▶ _Work to complete_:
All of the data that follows should be given again exactly, without its images.

▶ _Data excerpt_:
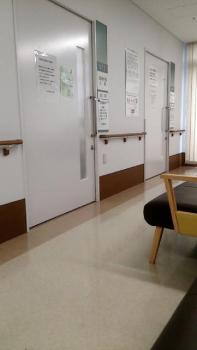 ファイル名: 20171002-02.jpg
ファイルサイズ: 30.6KB
→クリックで元のサイズを表示 形成外科で腕と背中のでき物を取って貰った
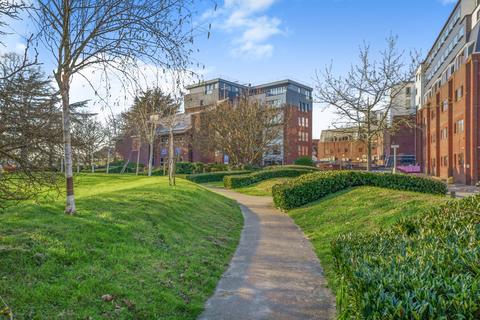 undefined, Thames Street, Staines-upon-Thames, TW18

▶ _Output for this exercise_:
 ファイル名: 20171002-02.jpg
ファイルサイズ: 30.6KB
→クリックで元のサイズを表示 形成外科で腕と背中のでき物を取って貰った
 undefined, Thames Street, Staines-upon-Thames, TW18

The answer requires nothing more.